In January this year, for example, a US district judge said that Johns Hopkins, Bristol-Myers Squibb and the Rockefeller Foundation should face a $1bn lawsuit over their role in a US Government experiment in the 1940s that infected hundreds of Guatemalans with syphilis. The plaintiffs’ incredulous lawyer said: “This experiment began 72 years ago. It’s hard to believe.” But while the three companies may have put it to the backs of their minds, the 444 Guatemalan victims and their relatives certainly haven’t. The case will ensure they receive the recognition they deserve. After all, justice has no expiry date.
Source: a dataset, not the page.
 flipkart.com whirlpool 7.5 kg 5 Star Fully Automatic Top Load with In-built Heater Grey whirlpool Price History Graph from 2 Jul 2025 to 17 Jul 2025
Processes must also be put in place to ensure research participants are fully cognisant of the possible side effects during trials and are appropriately compensated if they do suffer any ill effects. Given the substantial financial gap between patients and large corporations, it’s vital that organisations are set up to allow individuals to seek compensation through collective legal action. This will go some way in closing the substantial power gap
between the two parties.

Delivering financial recompense for past cases and making it impossible to gain funding for exploitative future research will go some way towards eliminating ethics dumping on a systematic level. Sadly, chances are there will still be individuals that engage in dubious ethical practices, such as scientist He Jiankui, who modified the DNA of unborn twin girls late last year. However, if such practices are denounced at an intergovernmental and corporate level, as well as within the international research community, those cases will become fewer and farther between.

Although not all cases of ethics dumping are born from a choice to mistreat members of another culture, the practice, whether consciously or not, legitimises the belief that some people are candidates for exploitation. It implicitly categorises those from lower-income societies as pawns in the race for progress, less important than scientific and economic goals. This discriminatory belief has no place in our modern, globalised society, and only serves to discredit vital work undertaken by the research community.